-- Data supplied follows --
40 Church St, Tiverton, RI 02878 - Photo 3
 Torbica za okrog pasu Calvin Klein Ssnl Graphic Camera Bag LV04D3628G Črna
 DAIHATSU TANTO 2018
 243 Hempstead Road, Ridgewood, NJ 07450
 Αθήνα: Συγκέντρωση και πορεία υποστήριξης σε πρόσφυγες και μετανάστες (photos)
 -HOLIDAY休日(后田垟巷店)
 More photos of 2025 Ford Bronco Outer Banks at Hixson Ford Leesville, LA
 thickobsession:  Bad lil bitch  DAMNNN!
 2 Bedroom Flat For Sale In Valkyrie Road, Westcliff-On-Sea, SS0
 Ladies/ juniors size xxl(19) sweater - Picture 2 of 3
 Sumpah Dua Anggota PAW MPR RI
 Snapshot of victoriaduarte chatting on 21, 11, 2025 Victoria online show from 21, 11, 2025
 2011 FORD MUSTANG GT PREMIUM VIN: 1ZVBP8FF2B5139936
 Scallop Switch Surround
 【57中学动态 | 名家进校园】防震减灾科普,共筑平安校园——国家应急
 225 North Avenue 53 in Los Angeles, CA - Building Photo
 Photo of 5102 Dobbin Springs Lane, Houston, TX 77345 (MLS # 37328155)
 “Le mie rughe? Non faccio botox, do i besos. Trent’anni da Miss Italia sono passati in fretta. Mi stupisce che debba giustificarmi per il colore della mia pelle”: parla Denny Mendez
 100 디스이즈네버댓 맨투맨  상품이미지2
-- Data supplied concluded --
## What the task requires
Write out the records shown above, exactly as they appear.

## Result
40 Church St, Tiverton, RI 02878 - Photo 3
 Torbica za okrog pasu Calvin Klein Ssnl Graphic Camera Bag LV04D3628G Črna
 DAIHATSU TANTO 2018
 243 Hempstead Road, Ridgewood, NJ 07450
 Αθήνα: Συγκέντρωση και πορεία υποστήριξης σε πρόσφυγες και μετανάστες (photos)
 -HOLIDAY休日(后田垟巷店)
 More photos of 2025 Ford Bronco Outer Banks at Hixson Ford Leesville, LA
 thickobsession:  Bad lil bitch  DAMNNN!
 2 Bedroom Flat For Sale In Valkyrie Road, Westcliff-On-Sea, SS0
 Ladies/ juniors size xxl(19) sweater - Picture 2 of 3
 Sumpah Dua Anggota PAW MPR RI
 Snapshot of victoriaduarte chatting on 21, 11, 2025 Victoria online show from 21, 11, 2025
 2011 FORD MUSTANG GT PREMIUM VIN: 1ZVBP8FF2B5139936
 Scallop Switch Surround
 【57中学动态 | 名家进校园】防震减灾科普,共筑平安校园——国家应急
 225 North Avenue 53 in Los Angeles, CA - Building Photo
 Photo of 5102 Dobbin Springs Lane, Houston, TX 77345 (MLS # 37328155)
 “Le mie rughe? Non faccio botox, do i besos. Trent’anni da Miss Italia sono passati in fretta. Mi stupisce che debba giustificarmi per il colore della mia pelle”: parla Denny Mendez
 100 디스이즈네버댓 맨투맨  상품이미지2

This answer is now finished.